John Muir Vs. Teddy Roosevelt
by Yosemite “Ahwahnee” National Park
You’ve seen it, I’ve seen it, we’ve all seen the photo of John Muir and Teddy Roosevelt standing on the edge of my big old valley. They look like best buds, right? Wrong! Those two guys hated each other’s guts. True story!
John Muir got off the boat in San Francisco and walked until he found me. He had been searching for a pure, wild, and beautiful place to worship. Papa Muir wasn’t the first to climb my cliffs or rest in the shade of my trees. The Ahwahnechee people thrived all over my valley and called me “Ahwahnee.” The tribe would have stayed had they not put up a fight with the gold miners, which got them evicted and killed.
When Papa Muir moved into the valley he found work at a sawmill that helped a hotel bring more visitors to enjoy my sparkling personality. Aside from the Ahwahnechee, nobody knew me as well as he did. All his time and energy went into exploring every epic view and tiny hiding spot behind my waterfalls. He got so into me that he even climbed up into one of my trees during a storm just to know what it felt like to be tossed around in the wind. He wrote love notes that got published in magazines. He really loved me, and he wanted to protect me.
Love is a funny thing, though. It can make people very possessive. It can make people claim “secret spots” or “private property.” Papa Muir could have gone the “secret spot” route and become a bitter old hermit who yelled at tourists, but he didn’t. He realized that sharing me was the best way to protect me. He became my personal spokesman and fought to keep the bastards from turning me into private property. He started the Sierra Club in 1892 to protect wild places like me, but since the state owned me— my forests were still logged, my gold was mined, and my misty meadows were pooped on by domestic animals (you know who you are).

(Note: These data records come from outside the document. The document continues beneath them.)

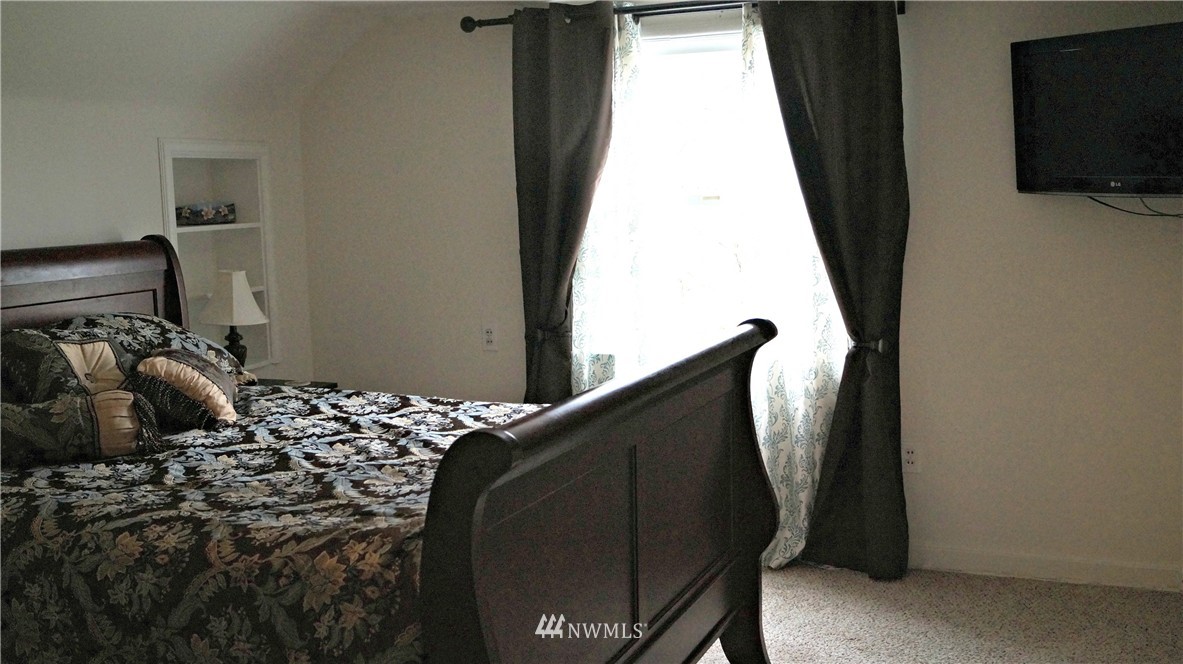 814 5th Street Cosmopolis, WA 98537 - Photo 9 of 18 Gallery Image 9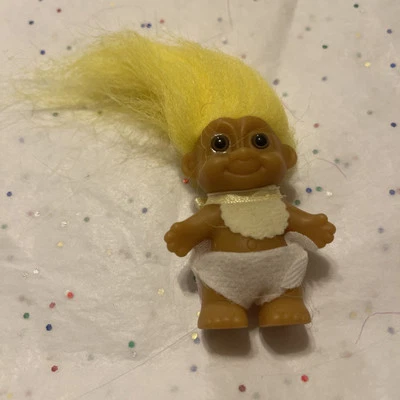 Cabello magenta Russ Baby Troll vintage con babero y pañal nuevo stock antiguo Foto 1 de 3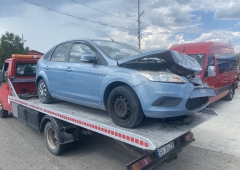 Dezmembrez Ford Focus 1.6i 2008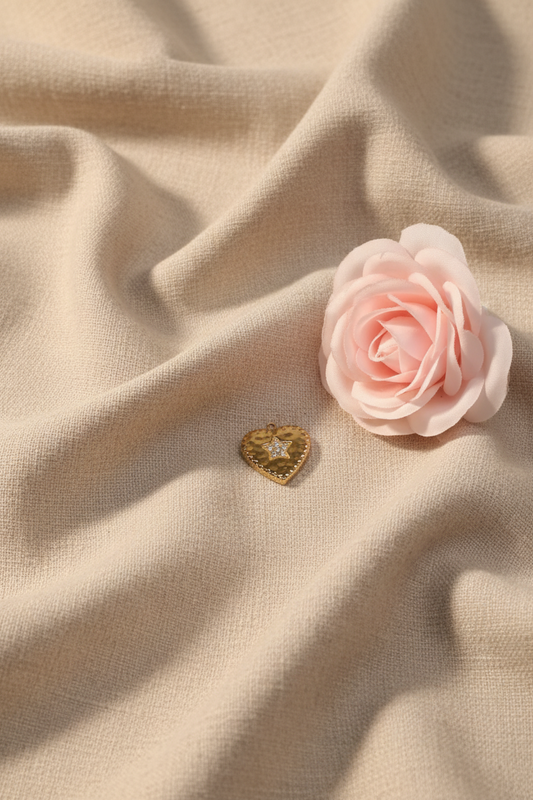 Charm Cœur Martelé Doré avec Etoile - Acier Inoxydable - Rêve de Rose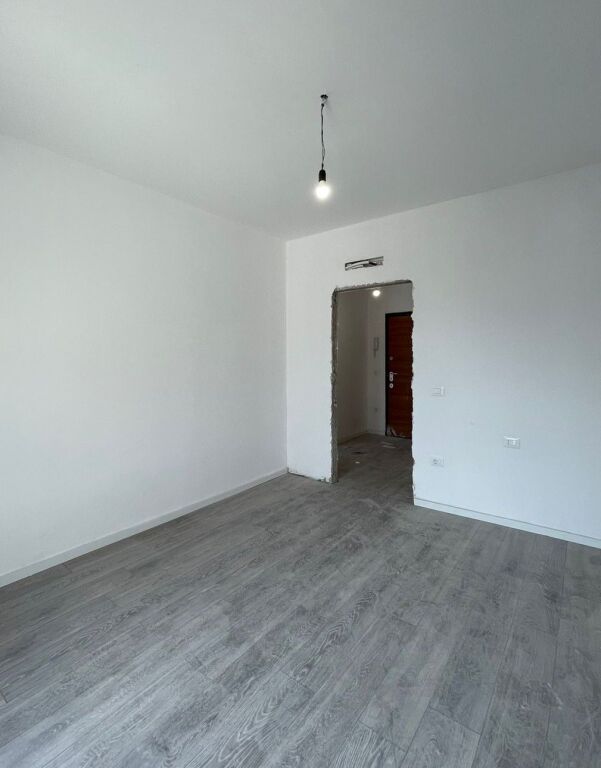 Shitet Apartament 2+1 – Kompleksi Aura, Rruga Dritan Hoxha 📍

While on a publicity tour in 1903, President Theodore Roosevelt sent Papa Muir a letter asking to meet him in my valley: Papa Teddy wrote, “I want to drop politics absolutely for four days and just be out in the open with you.” Papa Muir accompanied the entourage—which included California’s governor, the secretary of the Navy, the surgeon general, two college presidents, Papa Teddy, and his personal secretary—on the train ride from Oakland. “What a showboat,” Papa Muir must have thought. “Is this faker trying to use me to get street cred with the authentic folk?” The huge parade came into my valley and posed for photos with my old-growth Sequoia forest before heading to the hotel to party. Papa Muir and Papa Teddy stayed behind while the crowd wasn’t looking. Papa Teddy had a secret plan to ditch the party all along. He was like that. He loved secret plans. Presidents, right?

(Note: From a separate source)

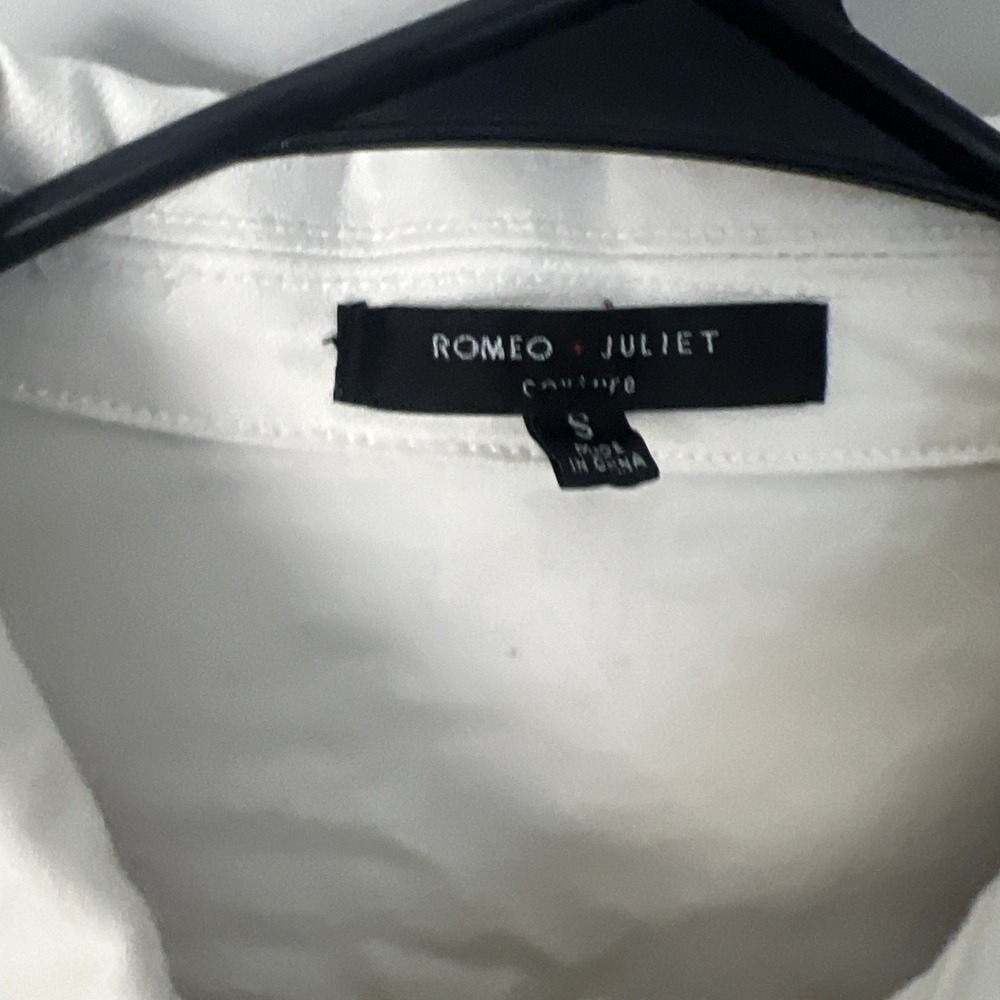 Romeo And Juliet White Denim Embroidered Jacket Size A - Picture 2 of 5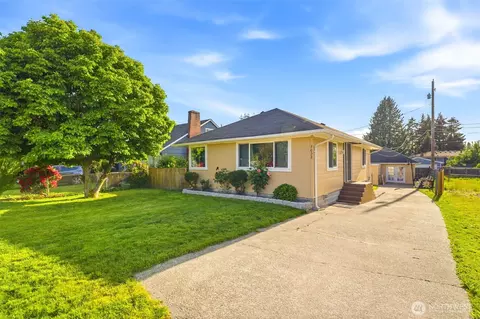 7032 Fawcett Ave, Tacoma, WA 98408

Sitting around the campfire, awkward laughing stumbled around when Papa Muir asked, “Mr. President, when are you going to get over this infantile need to kill other animals?” My two dads had a lot in common and a lot in conflict. They both wanted to protect wild places, but for different reasons. Not all conservationists are vegan.
They slept tent-less under my trees, mountains, and the stars. They talked for days about protecting me and other places like me. They saw beyond themselves and realized that together they could do more good than they could apart. After that little campout, Papa Muir wrote, “I never before had a more interesting, hearty, and manly companion.”
Eventually Papa Teddy had to go back to the train station to resume his press tour. At his next stop, the California State Capitol in Sacramento, he gave a speech about how, “Lying out at night under those giant Sequoias was lying in a temple built by no hand of man… They are monuments in themselves, [and] I ask for [their] preservation… We are not building this country of ours for a day. It is to last through the ages.”
After that, California let me become federal property and if you pay taxes that means I’m yours. Right? I think so. Anyhow, in 1916 the National Park Service was formed and the government agency became my official protector.
I am grateful for my two dads, because they saw beyond themselves and helped all sorts of people come together to care for me.